Lunch at 12:30pm, talk at 1pm, in 148 Fitzpatrick

Title: On Improving Latin Polarity Detection through Data Augmentation

Abstract: The task of sentiment analysis is quite well-studied in high-resources languages like English and in opinionated contexts like reviews; however, much less ground has been made in literary and low-resource environments. In this talk, I will describe the submissions from Nostra Domina (the Latin for Notre Dame, or “Our Lady”) to the EvaLatin 2024 shared task of emotion polarity detection. To overcome the lack of available sentiment resources and the complexity of the textual genres at hand, our team elected to augment pre-existing data through automatic polarity annotation. I will present our two methods for doing so based on the k-means algorithm. Moreover, I will describe our use of Latin large language models in a neural architecture to better capture the underlying contextual sentiment representations. Finally, I will discuss our results and future directions, noting that our best approach achieved the second highest macro-averaged Macro-F1 score—and, thus, second place—on the shared task’s test set.

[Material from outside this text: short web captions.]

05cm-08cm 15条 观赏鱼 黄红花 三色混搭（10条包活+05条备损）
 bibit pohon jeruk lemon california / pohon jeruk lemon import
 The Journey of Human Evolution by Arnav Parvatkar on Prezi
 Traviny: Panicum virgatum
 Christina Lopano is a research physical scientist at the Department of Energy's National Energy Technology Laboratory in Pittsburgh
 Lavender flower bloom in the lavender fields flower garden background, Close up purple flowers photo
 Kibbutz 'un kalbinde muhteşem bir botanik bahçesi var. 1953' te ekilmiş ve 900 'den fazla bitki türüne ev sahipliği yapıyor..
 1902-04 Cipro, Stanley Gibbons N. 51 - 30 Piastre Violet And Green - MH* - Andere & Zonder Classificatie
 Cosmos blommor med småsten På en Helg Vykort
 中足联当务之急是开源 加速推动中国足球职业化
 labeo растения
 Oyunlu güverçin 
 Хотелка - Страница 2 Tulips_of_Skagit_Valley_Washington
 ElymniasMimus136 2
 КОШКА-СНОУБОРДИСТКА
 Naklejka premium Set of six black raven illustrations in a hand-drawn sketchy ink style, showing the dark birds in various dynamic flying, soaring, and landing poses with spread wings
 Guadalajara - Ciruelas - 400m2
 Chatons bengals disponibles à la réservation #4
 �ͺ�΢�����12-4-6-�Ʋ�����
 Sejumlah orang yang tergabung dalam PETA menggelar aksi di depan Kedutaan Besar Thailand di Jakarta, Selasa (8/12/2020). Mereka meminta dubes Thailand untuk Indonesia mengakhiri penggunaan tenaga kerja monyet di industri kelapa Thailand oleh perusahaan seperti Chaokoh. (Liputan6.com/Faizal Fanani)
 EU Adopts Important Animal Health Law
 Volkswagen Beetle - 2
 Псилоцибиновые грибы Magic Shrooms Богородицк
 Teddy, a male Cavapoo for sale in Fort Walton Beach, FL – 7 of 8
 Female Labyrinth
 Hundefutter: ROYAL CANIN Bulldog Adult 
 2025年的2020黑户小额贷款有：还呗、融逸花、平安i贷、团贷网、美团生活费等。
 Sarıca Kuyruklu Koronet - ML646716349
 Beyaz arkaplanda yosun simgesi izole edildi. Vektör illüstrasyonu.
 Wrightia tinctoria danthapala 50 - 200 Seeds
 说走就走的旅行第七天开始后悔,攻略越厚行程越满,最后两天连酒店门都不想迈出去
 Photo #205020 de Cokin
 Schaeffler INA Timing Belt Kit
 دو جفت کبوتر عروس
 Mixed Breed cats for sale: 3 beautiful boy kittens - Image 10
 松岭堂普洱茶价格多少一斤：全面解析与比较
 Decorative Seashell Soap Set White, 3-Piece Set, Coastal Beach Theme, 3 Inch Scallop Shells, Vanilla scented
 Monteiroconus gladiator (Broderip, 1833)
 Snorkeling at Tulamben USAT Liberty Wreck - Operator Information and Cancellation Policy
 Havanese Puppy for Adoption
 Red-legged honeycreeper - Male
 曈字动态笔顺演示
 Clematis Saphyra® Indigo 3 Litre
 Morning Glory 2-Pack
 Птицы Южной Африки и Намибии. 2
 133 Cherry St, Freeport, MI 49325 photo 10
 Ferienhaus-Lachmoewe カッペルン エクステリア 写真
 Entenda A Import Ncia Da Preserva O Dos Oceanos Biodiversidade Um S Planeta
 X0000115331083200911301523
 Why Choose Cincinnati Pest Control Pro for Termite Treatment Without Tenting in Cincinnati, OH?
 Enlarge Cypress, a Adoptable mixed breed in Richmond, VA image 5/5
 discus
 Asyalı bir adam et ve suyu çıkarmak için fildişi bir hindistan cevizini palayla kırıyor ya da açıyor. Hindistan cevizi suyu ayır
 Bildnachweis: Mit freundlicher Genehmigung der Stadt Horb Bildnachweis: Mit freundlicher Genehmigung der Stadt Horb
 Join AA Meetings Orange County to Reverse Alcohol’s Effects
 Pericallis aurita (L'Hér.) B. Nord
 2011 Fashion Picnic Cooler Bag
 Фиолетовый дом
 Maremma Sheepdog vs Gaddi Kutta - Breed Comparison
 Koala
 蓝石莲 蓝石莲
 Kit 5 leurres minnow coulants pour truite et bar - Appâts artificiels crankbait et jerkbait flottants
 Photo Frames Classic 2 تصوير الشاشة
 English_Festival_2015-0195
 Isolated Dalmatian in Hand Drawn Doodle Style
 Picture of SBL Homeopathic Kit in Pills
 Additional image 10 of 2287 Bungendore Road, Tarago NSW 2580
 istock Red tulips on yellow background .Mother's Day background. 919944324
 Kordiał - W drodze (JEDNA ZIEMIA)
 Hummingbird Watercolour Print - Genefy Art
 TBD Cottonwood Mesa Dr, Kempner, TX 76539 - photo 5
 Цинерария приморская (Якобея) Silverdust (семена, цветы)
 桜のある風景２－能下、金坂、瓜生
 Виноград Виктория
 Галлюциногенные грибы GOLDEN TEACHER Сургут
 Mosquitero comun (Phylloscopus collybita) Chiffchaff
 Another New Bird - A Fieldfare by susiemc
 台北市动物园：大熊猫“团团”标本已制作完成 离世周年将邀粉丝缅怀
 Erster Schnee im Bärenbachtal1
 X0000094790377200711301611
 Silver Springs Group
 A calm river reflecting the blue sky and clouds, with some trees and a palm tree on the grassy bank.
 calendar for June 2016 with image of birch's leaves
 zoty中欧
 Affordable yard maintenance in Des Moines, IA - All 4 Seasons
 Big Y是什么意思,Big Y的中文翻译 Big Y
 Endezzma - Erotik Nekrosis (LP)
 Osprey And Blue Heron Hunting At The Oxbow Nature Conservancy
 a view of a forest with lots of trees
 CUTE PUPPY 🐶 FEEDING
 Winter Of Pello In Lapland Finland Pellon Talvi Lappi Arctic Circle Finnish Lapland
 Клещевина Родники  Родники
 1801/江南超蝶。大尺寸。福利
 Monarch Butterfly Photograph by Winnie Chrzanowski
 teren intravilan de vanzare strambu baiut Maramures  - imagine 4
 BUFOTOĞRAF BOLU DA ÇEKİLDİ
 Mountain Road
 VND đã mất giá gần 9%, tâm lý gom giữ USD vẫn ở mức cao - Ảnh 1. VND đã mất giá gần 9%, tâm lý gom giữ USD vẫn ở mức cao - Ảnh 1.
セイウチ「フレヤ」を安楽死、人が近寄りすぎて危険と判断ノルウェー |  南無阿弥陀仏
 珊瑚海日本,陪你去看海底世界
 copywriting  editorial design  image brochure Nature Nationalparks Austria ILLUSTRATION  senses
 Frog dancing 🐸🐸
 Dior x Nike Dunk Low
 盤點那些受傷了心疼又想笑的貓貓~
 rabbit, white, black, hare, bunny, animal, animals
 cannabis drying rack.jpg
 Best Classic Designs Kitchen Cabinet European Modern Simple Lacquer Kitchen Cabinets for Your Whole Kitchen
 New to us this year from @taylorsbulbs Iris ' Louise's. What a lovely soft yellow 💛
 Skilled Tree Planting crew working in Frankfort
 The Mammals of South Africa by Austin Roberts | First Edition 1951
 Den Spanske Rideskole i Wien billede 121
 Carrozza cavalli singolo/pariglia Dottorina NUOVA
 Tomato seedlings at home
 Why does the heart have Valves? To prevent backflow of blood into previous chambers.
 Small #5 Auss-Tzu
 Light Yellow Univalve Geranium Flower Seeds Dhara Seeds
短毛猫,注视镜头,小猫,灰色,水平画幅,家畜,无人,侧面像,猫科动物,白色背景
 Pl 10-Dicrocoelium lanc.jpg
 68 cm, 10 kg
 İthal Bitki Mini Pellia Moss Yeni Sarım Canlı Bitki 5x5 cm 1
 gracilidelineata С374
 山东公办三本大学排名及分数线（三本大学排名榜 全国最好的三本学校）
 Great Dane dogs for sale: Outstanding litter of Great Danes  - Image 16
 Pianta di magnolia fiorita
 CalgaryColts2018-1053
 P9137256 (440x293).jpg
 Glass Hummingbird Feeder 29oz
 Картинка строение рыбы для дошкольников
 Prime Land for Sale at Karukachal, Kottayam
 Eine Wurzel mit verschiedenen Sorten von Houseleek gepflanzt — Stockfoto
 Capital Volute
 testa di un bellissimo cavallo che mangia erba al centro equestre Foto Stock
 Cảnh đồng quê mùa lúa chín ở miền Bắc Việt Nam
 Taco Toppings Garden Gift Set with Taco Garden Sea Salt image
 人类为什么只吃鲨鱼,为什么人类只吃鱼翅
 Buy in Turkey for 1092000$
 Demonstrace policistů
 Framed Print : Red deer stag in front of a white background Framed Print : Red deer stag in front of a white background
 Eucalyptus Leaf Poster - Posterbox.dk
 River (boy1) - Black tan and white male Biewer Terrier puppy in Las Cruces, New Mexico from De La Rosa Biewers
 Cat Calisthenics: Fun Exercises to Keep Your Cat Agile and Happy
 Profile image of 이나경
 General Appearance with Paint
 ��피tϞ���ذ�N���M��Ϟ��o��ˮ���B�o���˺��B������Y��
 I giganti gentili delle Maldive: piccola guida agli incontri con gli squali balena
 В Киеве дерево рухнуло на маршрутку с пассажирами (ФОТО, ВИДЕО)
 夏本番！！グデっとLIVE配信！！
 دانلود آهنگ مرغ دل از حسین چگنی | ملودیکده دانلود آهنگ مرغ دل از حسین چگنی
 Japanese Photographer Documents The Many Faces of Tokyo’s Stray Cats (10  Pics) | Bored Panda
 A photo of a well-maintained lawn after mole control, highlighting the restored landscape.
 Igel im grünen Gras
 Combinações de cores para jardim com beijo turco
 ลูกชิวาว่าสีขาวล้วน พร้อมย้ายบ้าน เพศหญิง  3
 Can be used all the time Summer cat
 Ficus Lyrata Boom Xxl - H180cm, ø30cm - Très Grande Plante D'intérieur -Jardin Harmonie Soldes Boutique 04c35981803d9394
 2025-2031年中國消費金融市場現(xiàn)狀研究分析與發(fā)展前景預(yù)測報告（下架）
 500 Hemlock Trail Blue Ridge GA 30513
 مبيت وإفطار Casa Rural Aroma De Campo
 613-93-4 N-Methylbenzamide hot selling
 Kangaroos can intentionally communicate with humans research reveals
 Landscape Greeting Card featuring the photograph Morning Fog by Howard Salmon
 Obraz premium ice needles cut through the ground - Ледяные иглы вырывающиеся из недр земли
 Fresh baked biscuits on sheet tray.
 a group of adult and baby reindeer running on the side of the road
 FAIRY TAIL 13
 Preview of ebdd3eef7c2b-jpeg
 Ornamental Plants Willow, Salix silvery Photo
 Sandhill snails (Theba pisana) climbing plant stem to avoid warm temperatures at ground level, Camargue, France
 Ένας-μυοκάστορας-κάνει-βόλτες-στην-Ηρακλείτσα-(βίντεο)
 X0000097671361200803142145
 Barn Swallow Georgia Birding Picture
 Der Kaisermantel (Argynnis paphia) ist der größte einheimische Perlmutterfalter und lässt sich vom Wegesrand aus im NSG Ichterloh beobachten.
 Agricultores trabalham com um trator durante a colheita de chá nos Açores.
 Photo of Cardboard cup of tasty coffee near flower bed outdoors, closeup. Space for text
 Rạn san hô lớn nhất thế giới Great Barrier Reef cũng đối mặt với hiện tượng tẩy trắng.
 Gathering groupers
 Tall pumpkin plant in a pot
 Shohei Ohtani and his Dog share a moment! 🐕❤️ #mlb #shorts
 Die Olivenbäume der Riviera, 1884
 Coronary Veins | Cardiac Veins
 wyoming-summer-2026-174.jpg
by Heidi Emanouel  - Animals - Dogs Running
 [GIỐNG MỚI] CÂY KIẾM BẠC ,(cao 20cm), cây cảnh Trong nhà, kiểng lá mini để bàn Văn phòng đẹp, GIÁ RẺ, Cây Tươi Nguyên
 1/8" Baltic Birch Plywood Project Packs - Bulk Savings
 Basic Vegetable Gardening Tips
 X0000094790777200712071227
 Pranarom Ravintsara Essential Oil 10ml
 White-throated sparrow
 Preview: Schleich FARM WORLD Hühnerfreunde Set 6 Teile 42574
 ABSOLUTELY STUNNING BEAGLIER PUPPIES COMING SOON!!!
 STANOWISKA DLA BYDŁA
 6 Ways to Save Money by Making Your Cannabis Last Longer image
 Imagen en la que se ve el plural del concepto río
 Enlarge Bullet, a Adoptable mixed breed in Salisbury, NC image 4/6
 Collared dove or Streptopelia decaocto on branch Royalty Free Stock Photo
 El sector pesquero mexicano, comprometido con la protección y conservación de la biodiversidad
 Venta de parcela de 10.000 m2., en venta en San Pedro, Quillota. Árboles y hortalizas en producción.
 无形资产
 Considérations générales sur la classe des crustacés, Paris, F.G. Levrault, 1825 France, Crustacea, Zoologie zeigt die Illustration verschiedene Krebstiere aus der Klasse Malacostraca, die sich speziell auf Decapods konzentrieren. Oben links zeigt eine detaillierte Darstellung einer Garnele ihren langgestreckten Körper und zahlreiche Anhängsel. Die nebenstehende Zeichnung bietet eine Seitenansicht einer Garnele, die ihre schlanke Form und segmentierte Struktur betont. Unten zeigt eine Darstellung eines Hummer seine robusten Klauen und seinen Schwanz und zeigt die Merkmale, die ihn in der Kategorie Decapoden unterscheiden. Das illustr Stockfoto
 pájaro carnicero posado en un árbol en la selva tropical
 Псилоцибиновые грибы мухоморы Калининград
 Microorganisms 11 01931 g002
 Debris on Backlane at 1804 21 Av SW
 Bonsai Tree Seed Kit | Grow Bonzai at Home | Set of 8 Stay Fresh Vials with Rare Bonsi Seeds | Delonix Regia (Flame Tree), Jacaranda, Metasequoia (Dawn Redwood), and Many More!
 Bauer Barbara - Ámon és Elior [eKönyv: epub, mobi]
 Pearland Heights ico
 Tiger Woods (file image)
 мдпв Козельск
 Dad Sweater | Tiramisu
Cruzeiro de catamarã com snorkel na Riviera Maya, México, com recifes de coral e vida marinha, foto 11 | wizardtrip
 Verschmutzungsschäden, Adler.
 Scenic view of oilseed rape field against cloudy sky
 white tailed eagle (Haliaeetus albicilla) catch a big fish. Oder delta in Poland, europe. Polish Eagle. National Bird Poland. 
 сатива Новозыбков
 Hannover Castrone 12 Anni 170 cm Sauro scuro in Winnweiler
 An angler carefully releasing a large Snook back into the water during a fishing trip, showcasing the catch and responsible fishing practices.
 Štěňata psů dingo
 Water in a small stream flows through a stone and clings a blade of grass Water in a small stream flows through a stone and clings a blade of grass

Bio: Stephen Bothwell is a fourth-year Ph.D. student advised by Dr. David Chiang in the NLP Group at the University of Notre Dame. His research focuses on applications of NLP techniques to ancient languages across the gamut of linguistic features. His prior work has been or is being published at major NLP conferences like EMNLP and LREC-COLING. He is also a senior fellow with the Navari Family Center for Digital Scholarship, where he builds and presents workshops pertaining to neural networks and textual data at large. His current research interests include enhancing language modeling for ancient languages, studying more linguistically-inspired approaches to tokenization, investigating interpretability in neural networks, and consistently finding further uses for edit distance in NLP contexts.